**RECORDS SHOWN:**
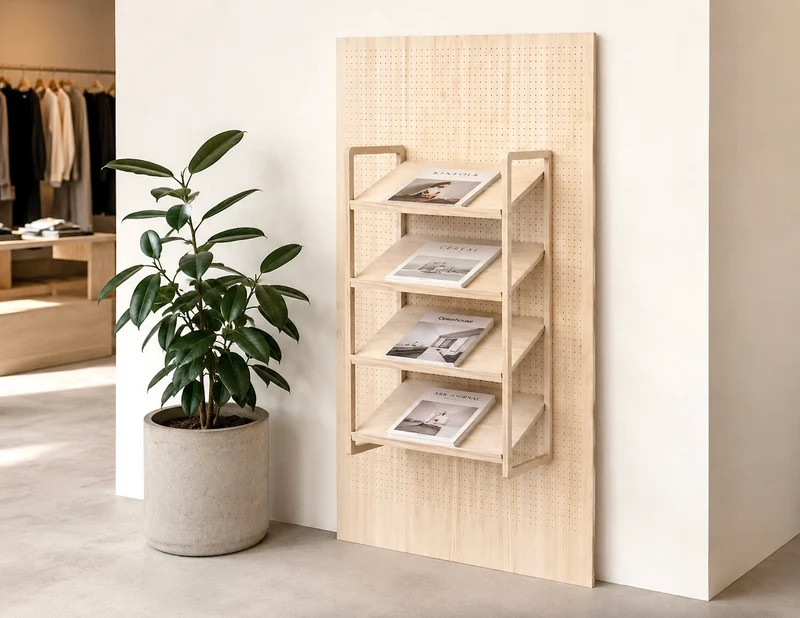 Pegboard XL 147x250 cm en bouleau 15 mm + étagère inclinée à rebords – panneau perforé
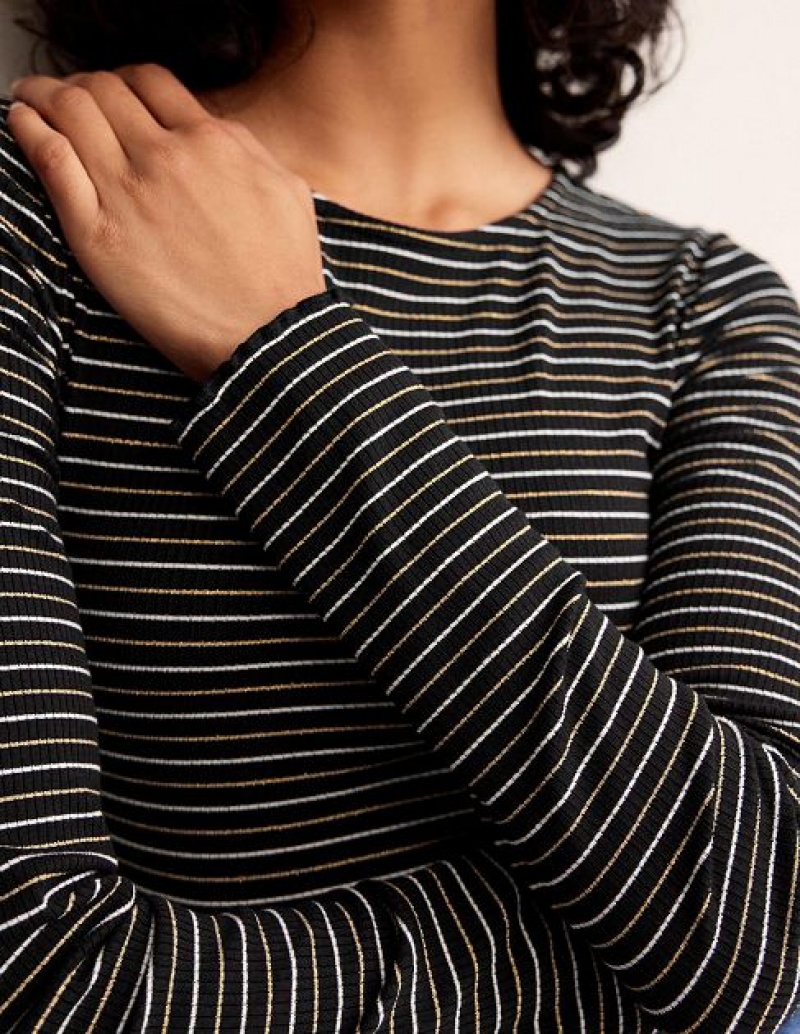 Black Stripes Women's Boden Long Sleeve Metallic Tops | 79453CUJG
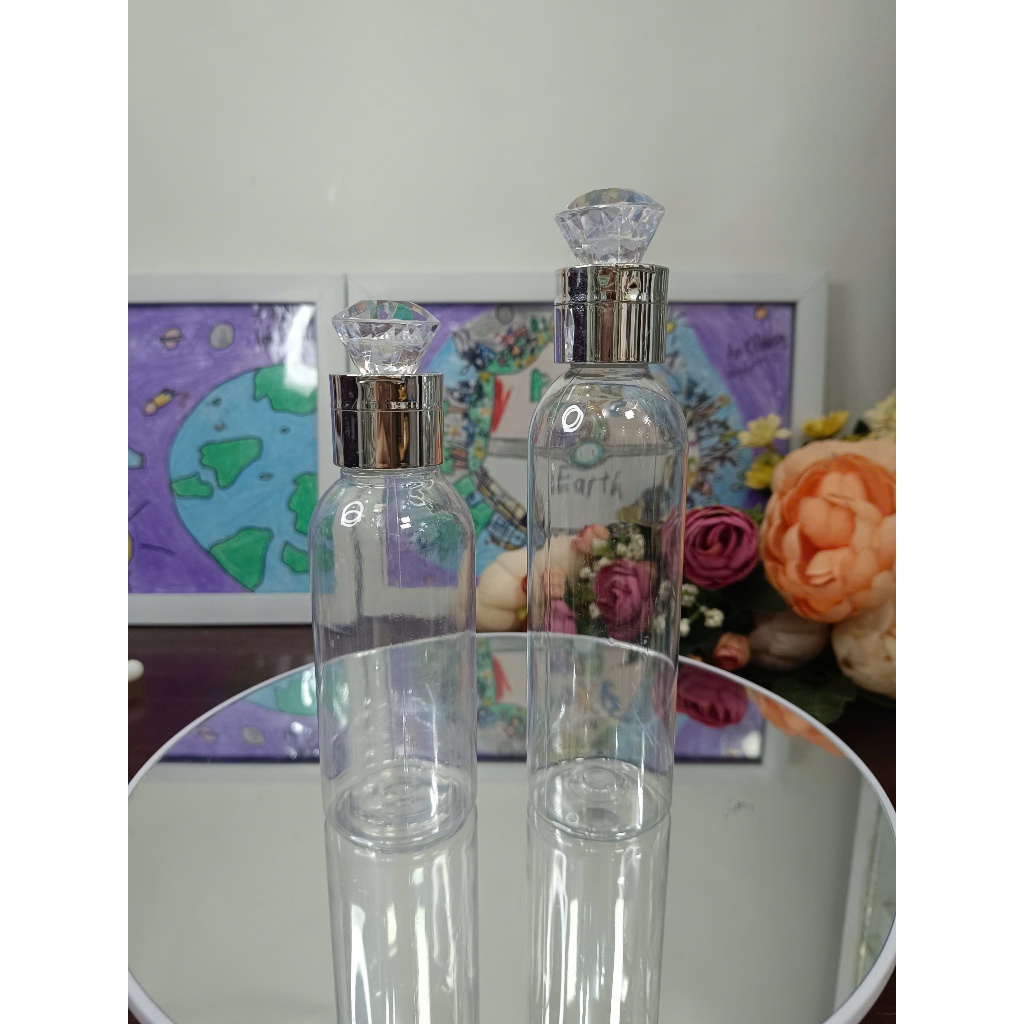 COMBO Chai nhựa Pet 150ml trong lùn, 200ml trong nắp bật kim cương
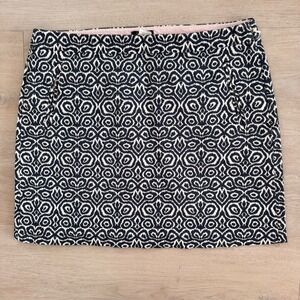 J.Crew Navy White Women's Print Skirt Size 4 Stretch Cotton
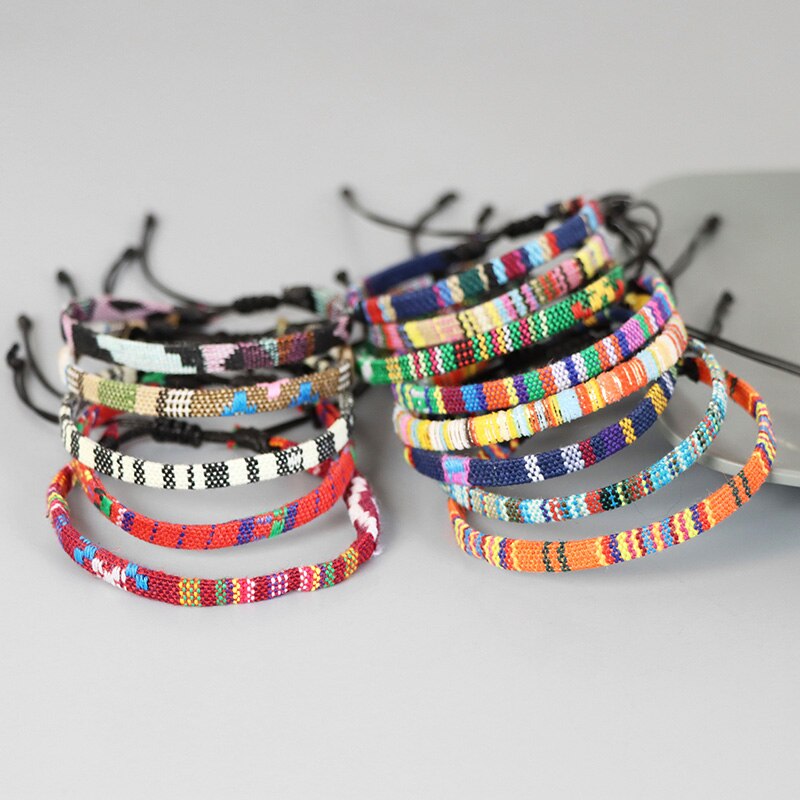 Pulseras tejidas coloridas bohemias para hombre y mujer, brazaletes ajustables trenzados de la suerte, joyería hecha a mano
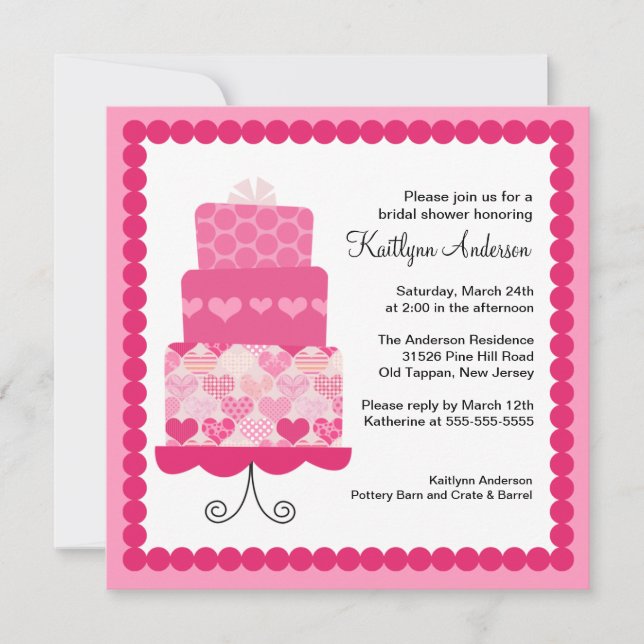 Trendy Cake Bridal Shower Invitation (Front)
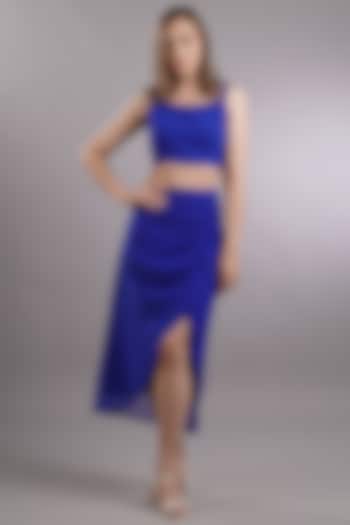 Blue Georgette Skirt Set With Jacket by Sneha B at Pernia's Pop Up Shop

**EXERCISE DESCRIPTION:** Beginning with the line that contains "J.Crew Navy White", print exactly every line through the end of the records, both included. Omit the pictures.

**ANSWER BOX:**
 J.Crew Navy White Women's Print Skirt Size 4 Stretch Cotton
 Pulseras tejidas coloridas bohemias para hombre y mujer, brazaletes ajustables trenzados de la suerte, joyería hecha a mano
 Trendy Cake Bridal Shower Invitation (Front)
 Blue Georgette Skirt Set With Jacket by Sneha B at Pernia's Pop Up Shop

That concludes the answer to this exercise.